İsrail'in Gazze'deki katliamlarına sessiz kalarak "Ama Filistinliler topraklarını sattı” yalanını söyleyenlere değinen Yenişafak yazarı İsmail Kılıçarslan dikkat çeken açıklamalarda bulundu.
İSRAİL'İN KKTC'DE KOLONİ KURMA ÇALIŞMALARI
Kılıçarslan, bu haftaki yazasında Yahudilerin yıllardır Kıbrıs'ta siyonist koloni kurmaya çalıştığını belirterek "İsrail’in KKTC’de Toprak Alma ve Koloni Kurma Çalışmaları” raporundan bilgiler paylaştı.
Yahudi yerleşimciler üzeriden tıpkı Filistin'de yaptıkları gibi yatırım adı altında siyonist koloni kurmaya çalıştığını belirten Kılıçarslan, bundan 20 sene sonra Kıbrıs'ta da işgale girişebileceklerini ifade etti.
İşte Kılıçarslan'ın köşe yazısının bir bölümü:
Siyonazi enikleri Kıbrıs’ta binlerce dönüm arsa almış ve buralarda “aralarına hiçbir yabancı sokmadan” yaşam alanları, siteler, mahalleler oluşturuyorlar.
KKTC’de 2003 seçimlerinin ardından koalisyon hükümetini kurup başbakan olan Mehmet Ali Talat zamanında başlıyor hikâye.
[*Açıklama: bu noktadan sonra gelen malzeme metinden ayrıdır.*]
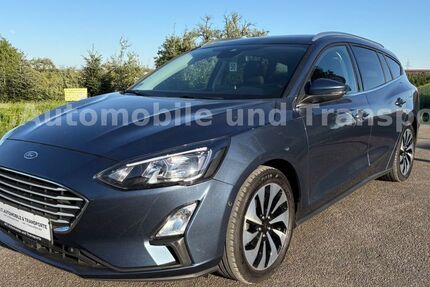 Ford Focus 161.562 km 9.500 &euro; Waiblingen-Hegnach 71334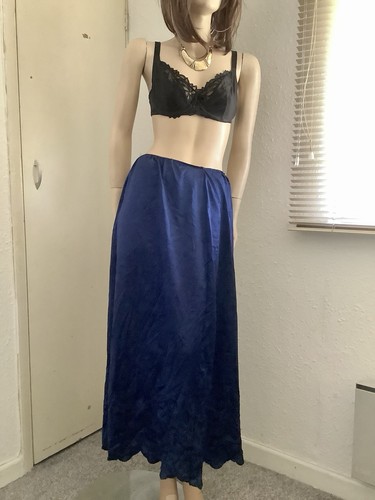 Vtg navy blue - blue, heavy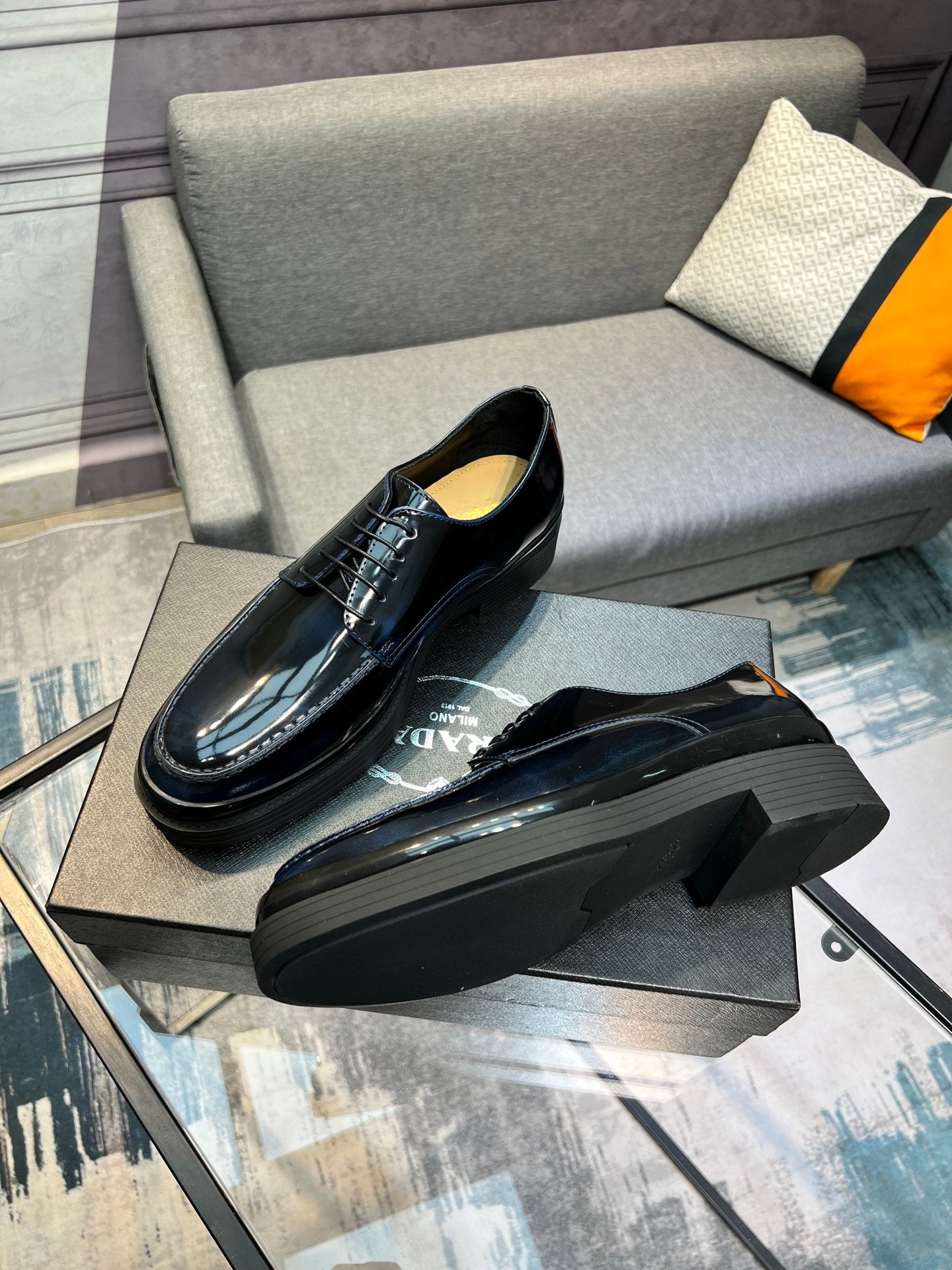 LuxluxHouse Best Quality Shoes Prada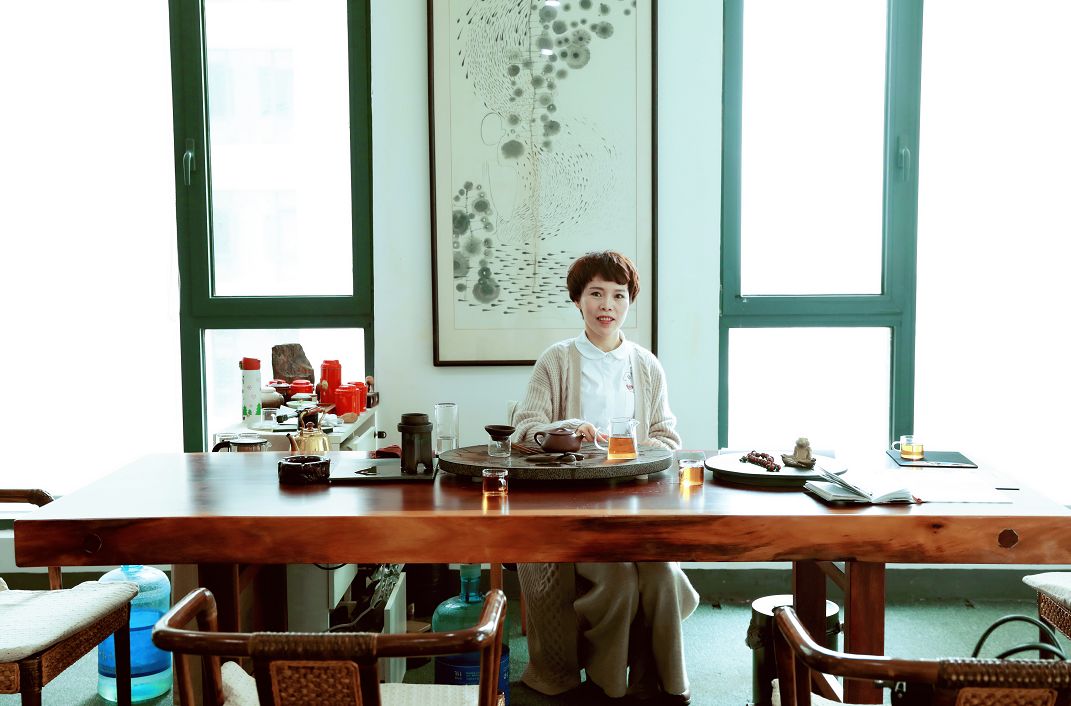 媛创会|创始人王曼秋——幸福的追梦者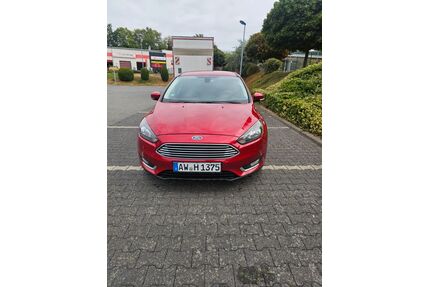 Ford Focus Gebrauchtwagen
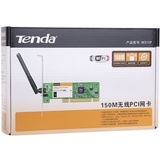 TENDA 腾达 W311P 150M无线PCI网卡 台式机无线PCI网卡 现货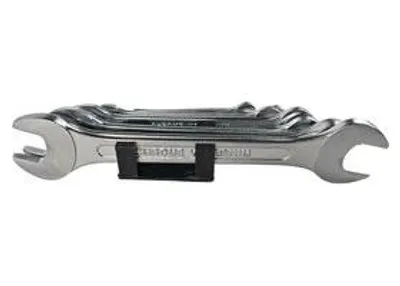 Image de Enpro 702922 Klíče otevřené oboustranné 8 ks 6 - 22 mm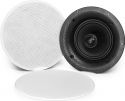 CSH50 2-Way Ceiling Speaker Set with Amplifier and Bluetooth 100W 5.25" CSH50 2-Way Ceiling Speaker Set with Amplifier and Bluetooth 100W 5.25"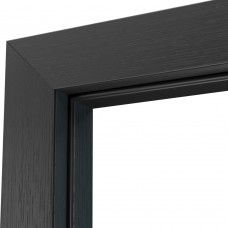 Двери межкомнатные TERMINUS Urban 21 Дуб nero застекленные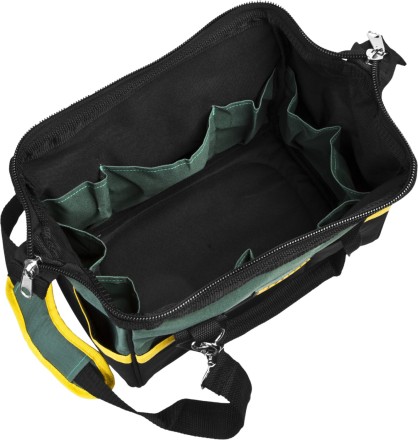 Сумка KRAFTOOL для инструмента, 18 карманов, 16&quot; 38713-16_z01 купить в Нефтеюганске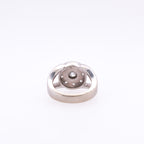 14k Old European Cut Diamond Ring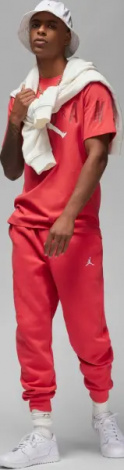 Футболка Nike JORDAN AIR STRETCH червона DV1445-604
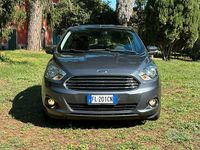 Usata Ford Ka Plus Ultimate 85 CV (62 kW) 2017 Grigio Utilitaria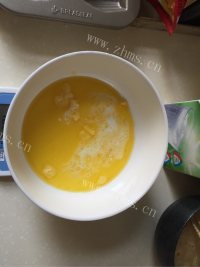 自制马拉糕做法图解3)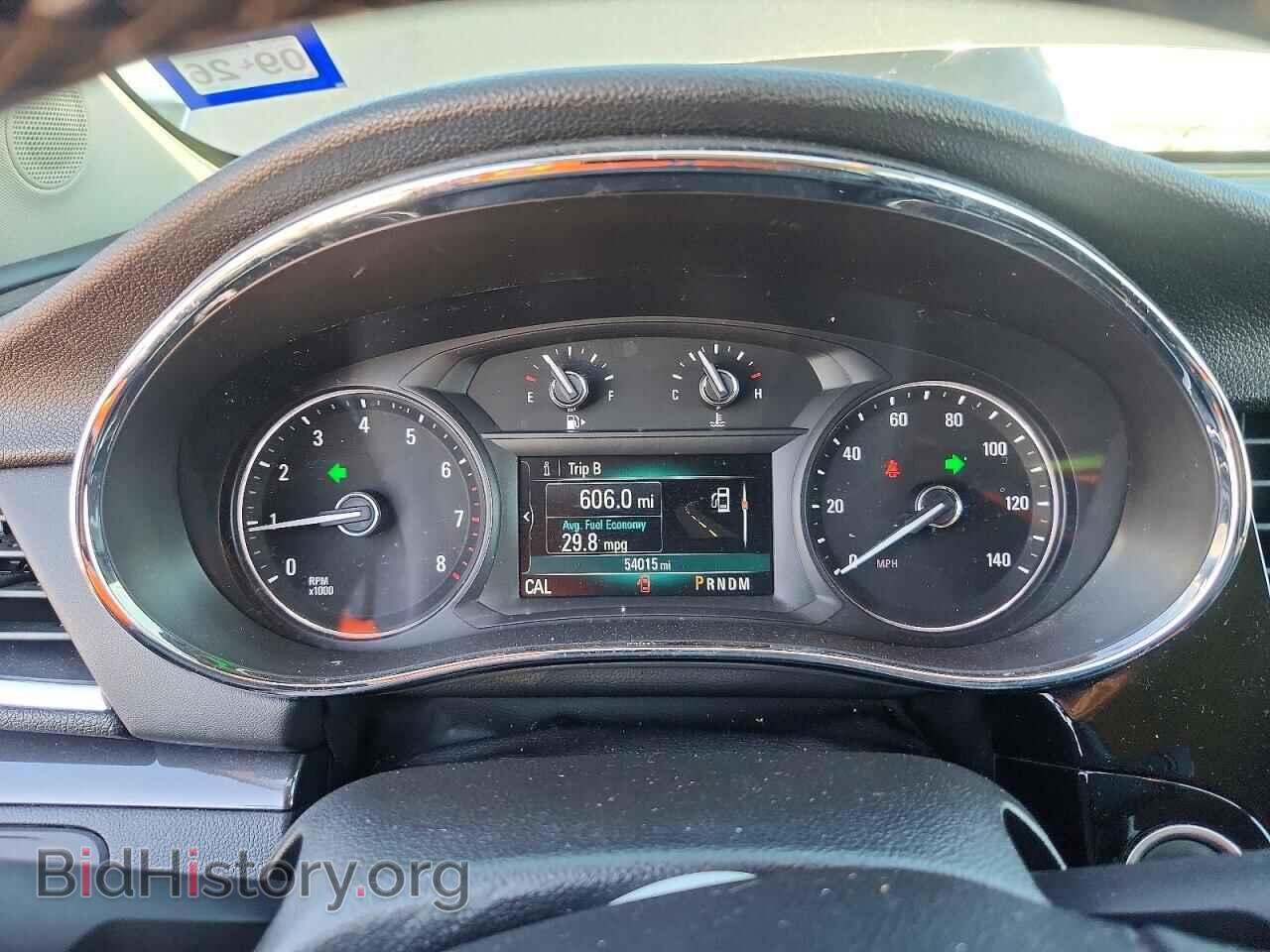 2018 BUICK ENCORE - VIN: KL4CJASB8JB703487 - Photo 9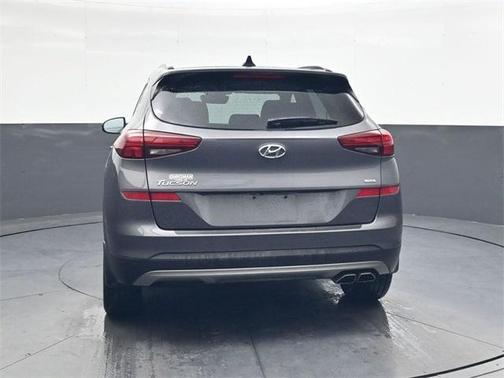 2020 Hyundai TUCSON Ultimate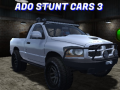 Game Ado Stunt Cars 3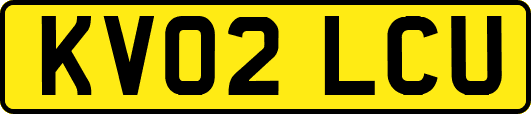 KV02LCU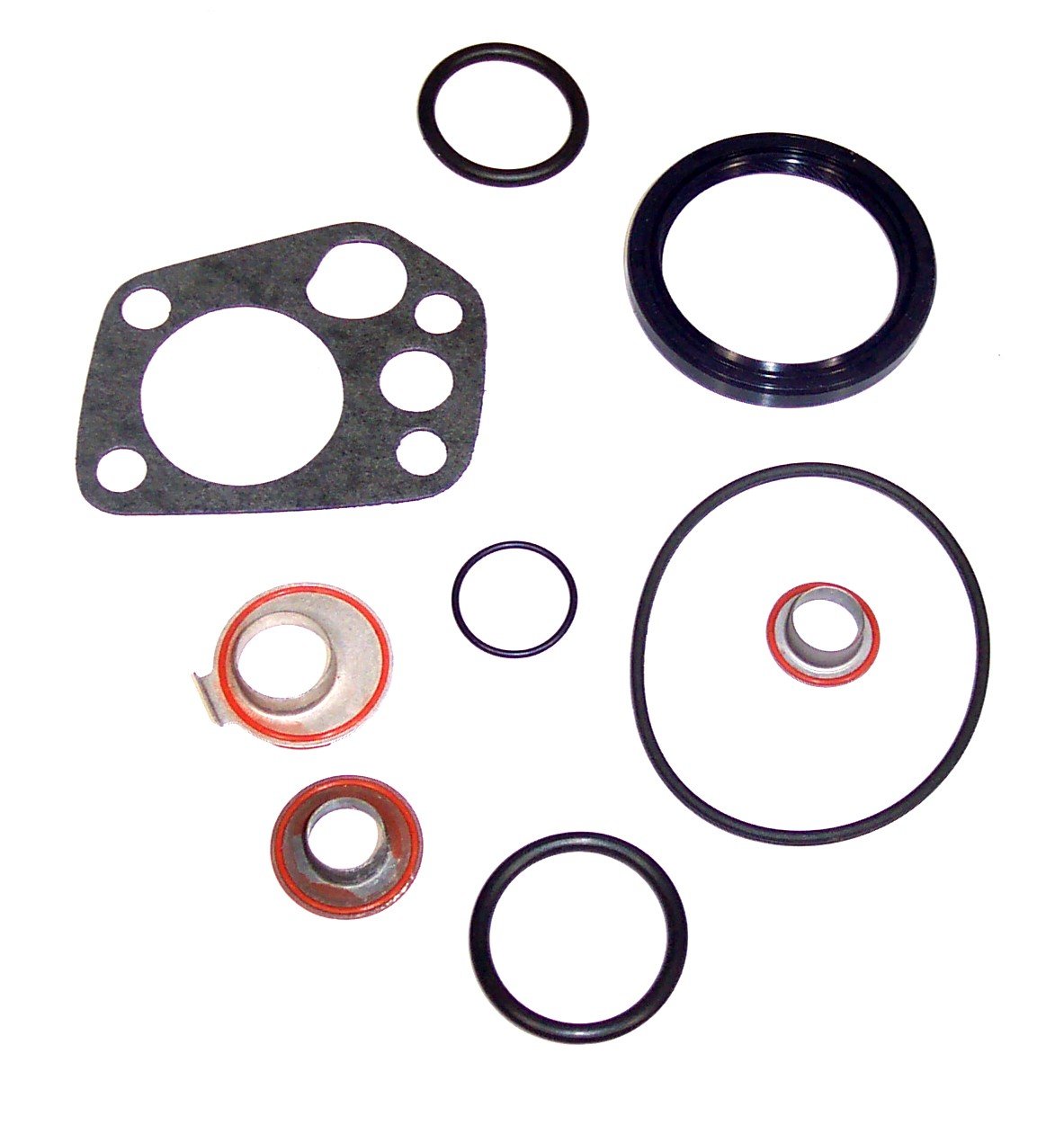 Dj Rock Trailer Connector Kit TC670 main image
O tarihte Haham Haim Azimov, Talat’ın “özel görüşmecisi” Özdil Nami ve pek çok Yahudi firmanın danışmanlığını yürüten eski ticaret odası başkanı Erdil Nami bir toplantı gerçekleştiriyorlar ve Siyonist sermayenin Erenköy’e bir yat limanı ve 5 yıldızlı otel yapmasını kararlaştırıyorlar. Kamuoyuna “İsrail adaya sadece yatırım yapmaya geliyor” mesajıyla birlikte pazarlanan bu proje, bir bakıma İsrail’in Arz-ı Mev’ud planının Kıbrıs ayağının da başlatıcısı oluyor.
Filistin için kurdukları “bu topraklar zaten bizimdi” cümlesini Kıbrıs için de kuracaklarından adım gibi eminim.
“Türkiye’nin savunması Gazze’den başlar” dediğimiz her seferinde “Gazze’nin Türkiye ile ne ilgisi var?” diyen şapşallar yarın öbür gün Siyonaziler “Kıbrıs zaten bizimdi” dediklerinde “adamlar haklı abi, onlarınmış işte” derler mi? Derler bence.
O yüzden bizimkisi bir “ölüm-kalım meselesi”ne doğru gidiştir artık. Bir varoluş ve var kalış mücadelesine doğru. Cihan Erdoğanlara, Haim Azimovlara, Samar Saadelere karşı verilen bir direnişe doğru.
Bu mücadelede, bu direnişte değil Türkiye’nin karşısına doğrudan çıkanlar, “benim bundan haberim yoktu” diyenler bile açıktan ifşa edilmelidir. Bu varoluş ve var kalış mücadelesinin bir başka yolu da, bir başka yöntemi de yoktur.